Saturday, November 8, 2008

5 components of an IT economic model

One of the steps identified in Real Time Enterprise Blog "9 Steps to a Virtual Oriented Utility" was the requirement to create an economic model. As we have been working with many CIO’s, we are finding that the discipline of creating and managing an economic model does not exist or is not understood.

The Economic Model for IT can be thought of as the Business & IT linkage of demand and supply. In particular, it is the interactive dynamics of consumption of IT resources by the business and the fulfillment behavior of processing by IT.


We coach CIO’s and their organizations to relate their service delivery (people, process and technology) as a digital supply chain. This supply chain must adhere and be managed against the IT economic model. Our experience in building a real time infrastructure led us to standardize 5 key components of our operational model to ensure we adhere to our economic model similar to how our business has to. Below outlines the 5 key components:

Demand Management – the continuous identification, documentation, tracking and measuring of day in the life of the business, what they expect, where there are problems today, and understand sensitivities to cost, bottlenecks, and timing constraints. In particular, service contracts defined in natural language that identify users, entitlement, expectations, geography, critical time windows, special business calendar events, and performance defined in terms of user experience.

Supply Management – the continuous identification, documentation and tracking through instrumentation to capture “objective” factual data of which users, using what applications, consume what app, server, network bandwidth, network QoS and storage resources for how long. Ensure you trend this over a period of time to accurately identify peaks, valleys and nominal growth.

Fit for Purpose Policies – It is essential that organizations trying to build a real time infrastructure or at least a more responsive IT platform and operation, incorporate an operating level of policy management of how the IT platform matches supply and demand at runtime. This should include factors of wall clock, trends, and service contract requirements matched optimally against runtime supply management trends. It is this operating level discipline that can radically reduce waste, unnecessary costs, lower capital investment WHILE improving service levels. It is here that most organizations fail to implement, execute or adopt such a granular discipline, instead firms standardize infrastructure from bottom up, use rule of thumb sizing and define service levels in terms of recovery time objectives or availability only.

Role of ITIL/ITSMF – ITIL 3.0 and the IT Service Management Framework are excellent guides for creating consistent end to end processes related to delivery IT as a service. They are not in themselves the sole answer to resolving IT service problems or quality of delivery. Firms must still resolve issues of alignment and strategy, define sound architectures, implement dynamic infrastructures BEFORE ITIL can have its ultimate impact on end to end process delivery.

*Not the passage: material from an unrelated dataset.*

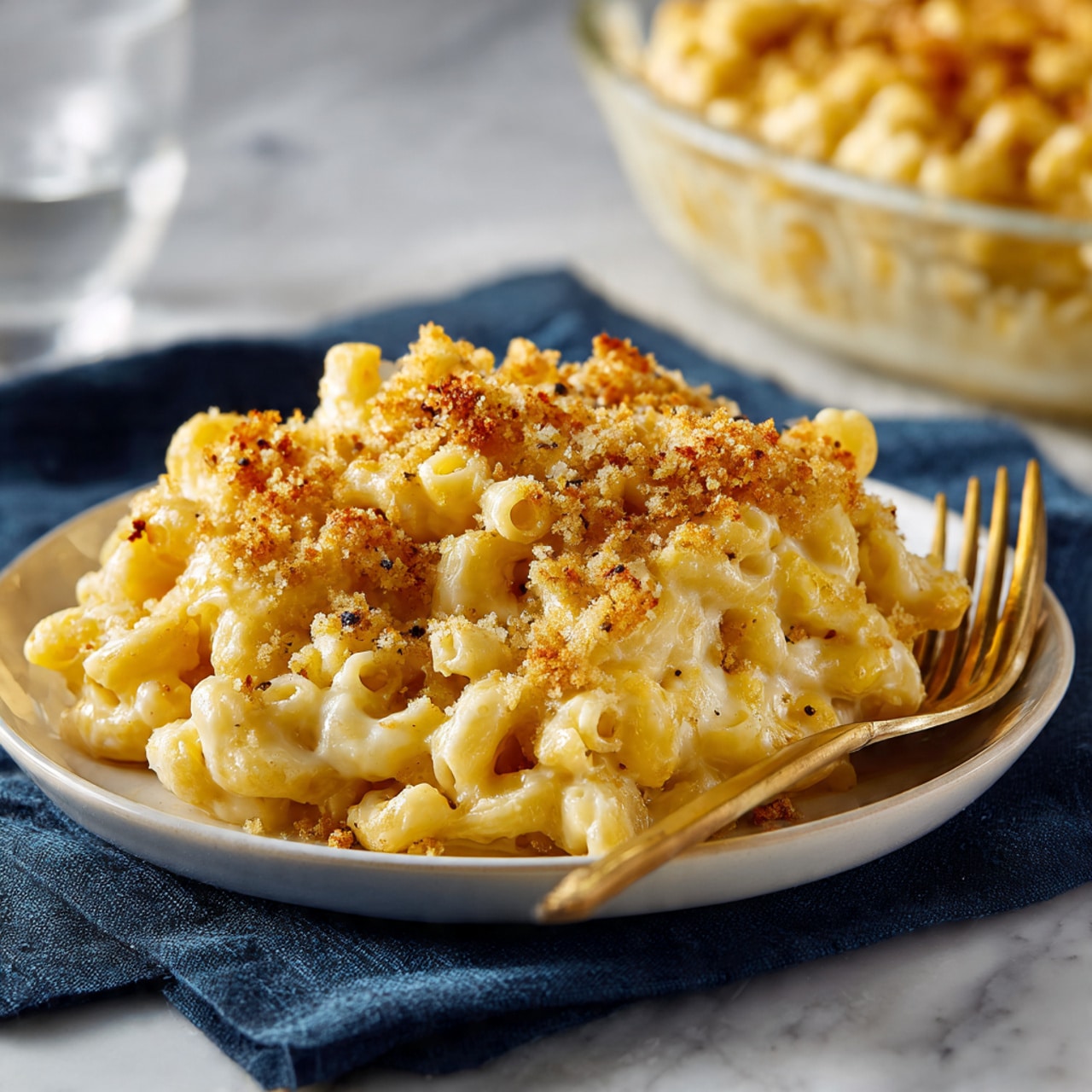 A white speckled oval baking dish filled with creamy macaroni and cheese topped with a golden brown crumb layer. The small elbow pasta is well coated in a smooth, rich orange cheese sauce, with the crumb topping appearing lightly toasted and scattered evenly across the surface. The dish is placed on a white marbled surface with a blue cloth napkin and a large wooden spoon with holes resting nearby. photo taken with an iphone --ar 4:5 --v 7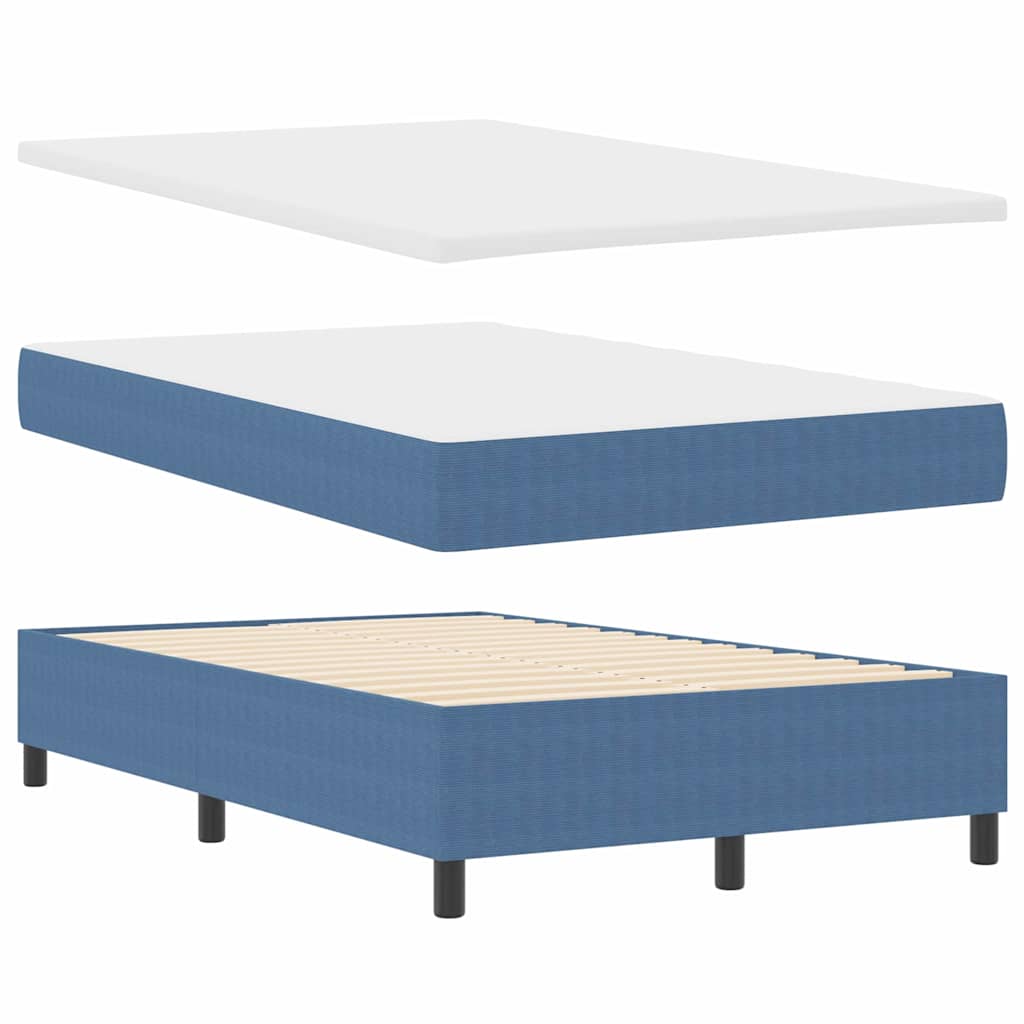 Blue and White Box Spring Bed 120 x 200 cm Cord Fabric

Sustaining Transparency - Many IT organizations miss the mark when it comes to meeting and exceeding business expectations due to lack of transparency. The key components outlined above can contribute significantly to creating transparency with the business related to IT delivery of service on their behalf. It is critical that IT organizations institute a discipline of tooling, data capture and reporting procedures that consistently and accurately communicate to the business a complete transparent view of what, how, who related to the consumption of IT by the business and the delivery of service by IT.

We can’t emphasize how important this kind of playbook is instituted by the CIO’s office and executed by the leaders of the IT organization – if they want to enhance the collaboration with the business and become a more strategic and integral part of building the business.